# Work item
Exactly reproduce the lines from the top of the entries below through the line containing "Kungshättan to SVA map", with both ends included.
════════════════════
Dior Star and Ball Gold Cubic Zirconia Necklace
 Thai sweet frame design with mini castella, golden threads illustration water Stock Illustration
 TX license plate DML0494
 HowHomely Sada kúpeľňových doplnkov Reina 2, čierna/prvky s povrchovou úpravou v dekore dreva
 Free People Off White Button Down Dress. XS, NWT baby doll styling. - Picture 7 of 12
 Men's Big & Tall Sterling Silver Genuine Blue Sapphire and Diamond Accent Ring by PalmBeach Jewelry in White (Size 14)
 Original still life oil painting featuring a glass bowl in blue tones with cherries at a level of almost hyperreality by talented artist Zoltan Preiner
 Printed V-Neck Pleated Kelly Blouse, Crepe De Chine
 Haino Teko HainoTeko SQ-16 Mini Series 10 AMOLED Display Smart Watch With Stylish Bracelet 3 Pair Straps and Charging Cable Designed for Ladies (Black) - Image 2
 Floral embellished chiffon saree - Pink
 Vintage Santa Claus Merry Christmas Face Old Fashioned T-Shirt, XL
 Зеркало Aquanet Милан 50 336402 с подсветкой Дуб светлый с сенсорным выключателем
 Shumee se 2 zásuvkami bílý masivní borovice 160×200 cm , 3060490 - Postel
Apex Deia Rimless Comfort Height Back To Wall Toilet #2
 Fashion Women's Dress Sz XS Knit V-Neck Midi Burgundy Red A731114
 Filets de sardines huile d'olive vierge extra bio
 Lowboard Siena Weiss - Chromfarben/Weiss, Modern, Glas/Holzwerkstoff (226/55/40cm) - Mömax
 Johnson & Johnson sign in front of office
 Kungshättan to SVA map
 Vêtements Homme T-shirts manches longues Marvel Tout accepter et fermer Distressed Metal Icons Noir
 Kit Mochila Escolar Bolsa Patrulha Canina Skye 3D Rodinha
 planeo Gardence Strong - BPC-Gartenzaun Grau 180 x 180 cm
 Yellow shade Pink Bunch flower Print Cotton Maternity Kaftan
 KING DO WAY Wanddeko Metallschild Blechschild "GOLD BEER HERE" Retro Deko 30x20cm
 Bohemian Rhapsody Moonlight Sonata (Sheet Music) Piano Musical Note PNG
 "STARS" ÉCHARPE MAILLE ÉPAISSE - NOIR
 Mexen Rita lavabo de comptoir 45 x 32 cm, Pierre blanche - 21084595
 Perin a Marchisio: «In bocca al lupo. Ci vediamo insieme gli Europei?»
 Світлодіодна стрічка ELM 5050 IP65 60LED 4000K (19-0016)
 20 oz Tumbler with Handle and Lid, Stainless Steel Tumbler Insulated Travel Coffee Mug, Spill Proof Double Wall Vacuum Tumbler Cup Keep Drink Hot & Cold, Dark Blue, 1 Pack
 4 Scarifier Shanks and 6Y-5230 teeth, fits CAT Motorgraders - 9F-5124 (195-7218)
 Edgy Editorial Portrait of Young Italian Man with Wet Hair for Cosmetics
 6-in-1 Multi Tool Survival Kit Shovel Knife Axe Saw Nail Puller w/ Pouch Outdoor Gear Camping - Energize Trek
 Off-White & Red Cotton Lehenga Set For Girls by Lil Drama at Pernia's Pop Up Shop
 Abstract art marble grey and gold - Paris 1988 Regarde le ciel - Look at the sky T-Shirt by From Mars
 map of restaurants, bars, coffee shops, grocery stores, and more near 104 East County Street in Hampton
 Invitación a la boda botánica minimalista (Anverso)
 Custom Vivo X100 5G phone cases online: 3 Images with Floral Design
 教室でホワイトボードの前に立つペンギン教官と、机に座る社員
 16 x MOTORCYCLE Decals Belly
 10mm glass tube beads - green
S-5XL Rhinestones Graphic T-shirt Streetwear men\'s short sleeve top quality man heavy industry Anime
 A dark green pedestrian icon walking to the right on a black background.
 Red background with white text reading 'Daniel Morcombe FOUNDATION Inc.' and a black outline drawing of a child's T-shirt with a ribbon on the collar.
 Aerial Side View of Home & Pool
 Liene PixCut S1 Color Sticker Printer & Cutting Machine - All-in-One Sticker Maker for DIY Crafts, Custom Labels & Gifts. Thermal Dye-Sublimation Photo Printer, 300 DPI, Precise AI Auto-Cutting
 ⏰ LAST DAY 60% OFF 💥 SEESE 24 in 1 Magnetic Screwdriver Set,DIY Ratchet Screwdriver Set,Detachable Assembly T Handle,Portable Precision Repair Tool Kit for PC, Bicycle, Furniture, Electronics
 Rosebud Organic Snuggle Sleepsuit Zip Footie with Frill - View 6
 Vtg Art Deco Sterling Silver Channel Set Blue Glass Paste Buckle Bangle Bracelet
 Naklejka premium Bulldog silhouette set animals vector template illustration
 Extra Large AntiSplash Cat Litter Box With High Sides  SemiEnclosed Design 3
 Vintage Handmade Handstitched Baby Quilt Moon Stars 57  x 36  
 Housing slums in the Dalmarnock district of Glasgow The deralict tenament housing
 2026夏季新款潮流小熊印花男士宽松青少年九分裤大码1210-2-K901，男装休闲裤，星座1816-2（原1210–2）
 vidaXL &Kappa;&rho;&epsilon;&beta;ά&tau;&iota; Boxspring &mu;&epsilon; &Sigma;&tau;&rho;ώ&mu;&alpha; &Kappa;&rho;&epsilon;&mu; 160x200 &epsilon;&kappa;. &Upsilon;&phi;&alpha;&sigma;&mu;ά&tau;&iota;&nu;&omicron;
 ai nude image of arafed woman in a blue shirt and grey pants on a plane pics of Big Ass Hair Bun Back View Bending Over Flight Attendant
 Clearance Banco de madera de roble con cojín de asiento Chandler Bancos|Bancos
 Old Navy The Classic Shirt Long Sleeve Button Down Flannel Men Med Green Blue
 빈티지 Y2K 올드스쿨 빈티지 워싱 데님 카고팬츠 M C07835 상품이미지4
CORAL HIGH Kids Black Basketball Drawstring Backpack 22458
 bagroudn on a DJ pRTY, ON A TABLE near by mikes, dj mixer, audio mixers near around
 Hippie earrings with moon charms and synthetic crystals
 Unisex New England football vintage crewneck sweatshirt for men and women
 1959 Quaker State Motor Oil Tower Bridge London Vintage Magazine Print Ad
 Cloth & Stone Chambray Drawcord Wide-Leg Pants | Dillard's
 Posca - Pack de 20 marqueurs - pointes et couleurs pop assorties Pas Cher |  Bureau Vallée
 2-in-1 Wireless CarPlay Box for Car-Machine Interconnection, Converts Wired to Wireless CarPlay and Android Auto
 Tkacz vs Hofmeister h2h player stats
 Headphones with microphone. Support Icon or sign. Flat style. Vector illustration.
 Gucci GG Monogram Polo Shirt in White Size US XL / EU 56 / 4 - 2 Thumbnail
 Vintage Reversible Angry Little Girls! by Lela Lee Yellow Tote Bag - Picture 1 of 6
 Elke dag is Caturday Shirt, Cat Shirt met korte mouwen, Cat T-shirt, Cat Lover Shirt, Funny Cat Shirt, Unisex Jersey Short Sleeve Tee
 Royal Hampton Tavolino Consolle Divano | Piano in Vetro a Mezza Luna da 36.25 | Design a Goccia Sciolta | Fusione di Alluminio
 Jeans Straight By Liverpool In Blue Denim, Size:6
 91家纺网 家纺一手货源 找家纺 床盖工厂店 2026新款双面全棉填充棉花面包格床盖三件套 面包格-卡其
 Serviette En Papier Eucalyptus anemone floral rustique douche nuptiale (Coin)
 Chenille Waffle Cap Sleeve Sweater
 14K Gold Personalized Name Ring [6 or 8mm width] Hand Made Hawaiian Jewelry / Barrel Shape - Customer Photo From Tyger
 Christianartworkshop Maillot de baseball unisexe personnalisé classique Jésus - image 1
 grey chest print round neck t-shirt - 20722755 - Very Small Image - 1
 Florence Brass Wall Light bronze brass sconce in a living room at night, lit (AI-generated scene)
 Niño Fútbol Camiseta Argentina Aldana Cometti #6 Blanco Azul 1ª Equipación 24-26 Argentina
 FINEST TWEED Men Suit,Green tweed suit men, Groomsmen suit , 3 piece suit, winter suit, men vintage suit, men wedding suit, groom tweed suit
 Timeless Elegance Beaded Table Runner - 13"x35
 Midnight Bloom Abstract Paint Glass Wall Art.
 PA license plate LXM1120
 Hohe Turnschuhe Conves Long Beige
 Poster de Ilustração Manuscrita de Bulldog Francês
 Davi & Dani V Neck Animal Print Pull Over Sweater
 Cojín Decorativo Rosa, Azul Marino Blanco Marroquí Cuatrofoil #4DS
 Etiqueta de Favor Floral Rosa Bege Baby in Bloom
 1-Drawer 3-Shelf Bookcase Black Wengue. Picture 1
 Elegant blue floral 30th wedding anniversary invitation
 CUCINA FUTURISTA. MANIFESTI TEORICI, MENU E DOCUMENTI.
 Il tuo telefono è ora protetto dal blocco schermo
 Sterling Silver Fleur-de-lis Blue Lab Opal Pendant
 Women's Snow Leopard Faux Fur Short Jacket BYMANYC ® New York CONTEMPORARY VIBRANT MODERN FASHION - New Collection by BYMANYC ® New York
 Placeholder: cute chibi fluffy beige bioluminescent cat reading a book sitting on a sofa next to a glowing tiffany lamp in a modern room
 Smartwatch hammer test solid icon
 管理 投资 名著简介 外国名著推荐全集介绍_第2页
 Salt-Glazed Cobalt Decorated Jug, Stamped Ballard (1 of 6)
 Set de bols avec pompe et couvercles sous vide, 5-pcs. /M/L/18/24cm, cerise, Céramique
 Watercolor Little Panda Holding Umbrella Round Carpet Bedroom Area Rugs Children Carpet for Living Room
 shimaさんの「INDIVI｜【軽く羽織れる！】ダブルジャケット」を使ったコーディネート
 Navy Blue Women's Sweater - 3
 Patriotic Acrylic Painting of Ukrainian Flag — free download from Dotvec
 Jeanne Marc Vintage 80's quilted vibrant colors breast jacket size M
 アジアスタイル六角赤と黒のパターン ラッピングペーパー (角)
════════════════════
# Answer to the problem
Dior Star and Ball Gold Cubic Zirconia Necklace
 Thai sweet frame design with mini castella, golden threads illustration water Stock Illustration
 TX license plate DML0494
 HowHomely Sada kúpeľňových doplnkov Reina 2, čierna/prvky s povrchovou úpravou v dekore dreva
 Free People Off White Button Down Dress. XS, NWT baby doll styling. - Picture 7 of 12
 Men's Big & Tall Sterling Silver Genuine Blue Sapphire and Diamond Accent Ring by PalmBeach Jewelry in White (Size 14)
 Original still life oil painting featuring a glass bowl in blue tones with cherries at a level of almost hyperreality by talented artist Zoltan Preiner
 Printed V-Neck Pleated Kelly Blouse, Crepe De Chine
 Haino Teko HainoTeko SQ-16 Mini Series 10 AMOLED Display Smart Watch With Stylish Bracelet 3 Pair Straps and Charging Cable Designed for Ladies (Black) - Image 2
 Floral embellished chiffon saree - Pink
 Vintage Santa Claus Merry Christmas Face Old Fashioned T-Shirt, XL
 Зеркало Aquanet Милан 50 336402 с подсветкой Дуб светлый с сенсорным выключателем
 Shumee se 2 zásuvkami bílý masivní borovice 160×200 cm , 3060490 - Postel
Apex Deia Rimless Comfort Height Back To Wall Toilet #2
 Fashion Women's Dress Sz XS Knit V-Neck Midi Burgundy Red A731114
 Filets de sardines huile d'olive vierge extra bio
 Lowboard Siena Weiss - Chromfarben/Weiss, Modern, Glas/Holzwerkstoff (226/55/40cm) - Mömax
 Johnson & Johnson sign in front of office
 Kungshättan to SVA map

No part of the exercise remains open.